I was born in 1944, a couple of years before the Baby Boom. But my values and my approach to relationships align pretty well with that generation. My challenge as a young professional was to communicate with “the greatest generation,” who didn’t always understand where I was coming from.
In my career, I’ve worked with Generation X, Generation Y, and now with Millennials. It’s been an interesting journey, as each generation has unique characteristics. The success of our work and our firms is deeply dependent on our ability to communicate well across generations. Here are a few thoughts on what I’ve learned and observed on this topic.
I’ll start from a point early in my career. In 1972 I was assigned to work as the tenant development coordinator for the Oakland City Center. Both the developer and contractor asked that I attend the Owner/Architect/Contractor meetings each week so I would be familiar with the technology and operations of the building when meeting with tenants. This turned out to be a graduate course in how to take a complex project through design, bidding, buying, and into construction.
The Project Executive from the contractor became a role model for the balance of my career. One of the most important lessons he taught: not everything is urgent, so don’t treat every task the same. Some items were brought out to get everyone thinking about them, with a long-range date by which an answer was necessary. Others, sometimes appearing in the spur of the moment, were urgent and needed action within an hour, a day or two days. I learned that in project leadership, you must understand what is urgent and what can wait. Don’t run a fire drill unless it’s necessary. This project also gave me a feel for a projects pace from design through construction.
I was also privileged early in my career to work within walking distance of a number of my projects. I would visit one as often as possible during the lunch hour, introduce myself to the subcontractors on the job, and ask them what they thought of our drawings. I wanted to know if we were communicating clearly our intent and, if not, how we might improve our drawings. I was learning from seasoned professionals, who, because my inquiry was genuine, always took the time to guide me.

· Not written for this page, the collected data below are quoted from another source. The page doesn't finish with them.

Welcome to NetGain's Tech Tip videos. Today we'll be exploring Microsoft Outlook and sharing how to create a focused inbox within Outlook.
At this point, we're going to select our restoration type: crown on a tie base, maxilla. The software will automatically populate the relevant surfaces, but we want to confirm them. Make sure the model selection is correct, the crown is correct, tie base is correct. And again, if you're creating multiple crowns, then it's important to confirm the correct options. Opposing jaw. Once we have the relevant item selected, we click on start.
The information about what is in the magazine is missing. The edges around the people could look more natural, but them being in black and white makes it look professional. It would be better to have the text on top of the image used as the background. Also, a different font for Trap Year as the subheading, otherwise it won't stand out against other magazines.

I’ve tried to model my experiences as I’ve gotten older. Here are some thoughts about how senior members of your firm can convey the wisdom they’ve gained over the years with younger staff:
- Share willingly what you’ve learned. Don’t just tell a person what to do, tell him or her why to do it that way. Don’t lecture them; share what you know in a positive and collaborative way.

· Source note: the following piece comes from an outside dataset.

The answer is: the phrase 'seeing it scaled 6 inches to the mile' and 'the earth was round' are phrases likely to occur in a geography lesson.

- Listen well; ask a lot of questions. Don’t just jump in and give the person an answer.
- Don’t be patronizing or condescending in any way. Show the younger person respect. It will encourage them to continue to seek your advice and to show respect for others.

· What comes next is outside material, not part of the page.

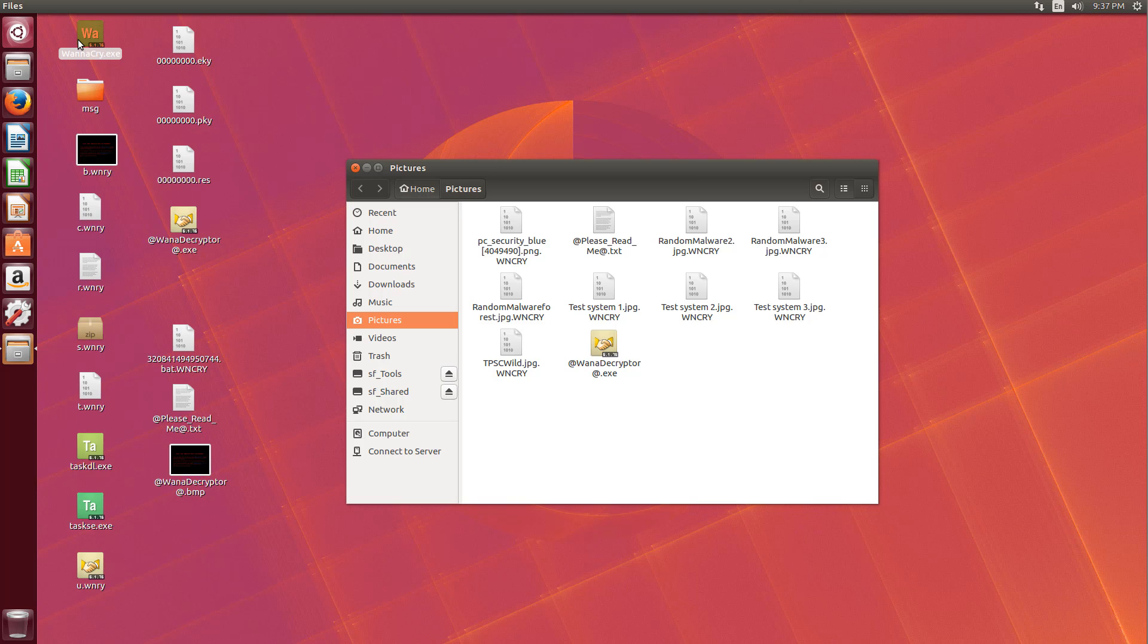But I want to use this opportunity to convey something very important to everyone who is crusading about switching to Linux for security reasons or whatever. Okay, the malware situation on Linux is not as bad as it is on Windows. I don't think anybody's going to disagree with that.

So what should this younger generation be aware of about themselves as they begin to develop in their careers?
Once I was speaking with a technology executive from Germany during a break at a TED Conference about how dramatically both of our professions had changed with the rapid advancements in technology. I expressed a concern about the difficulty I was having when trying to comment on the work of my younger colleagues. Rather than a floor plan on a large sheet of paper, allowing me to look at the entire project in context, I was dealing with a colleague who had only a small window into the project on the computer screen, making it impossible to understand how the image I was looking at fit connected aspects of the project.
I was amazed by young professionals’ ability to “see” in their minds the entirety of what they were working on while only being able to look at a fraction of the drawing. Perhaps this came from hours of playing complex, multi-layered computer games, a direct simile for what was going on.
My German colleague said, “That’s nothing. I have a more severe problem. These young kids don’t know how to solve a problem as a team. I was frustrated last week when people sitting right next to each other were sending text messages back and forth. In frustration, I called them all into a conference room, sat them down and said we’re not leaving until we solve this together. Within five minutes they were all screaming at one another and charged out of the room to continue with their way of solving a problem – by texting.” They clearly never learned the fine art of face-to-face discussion and negotiation.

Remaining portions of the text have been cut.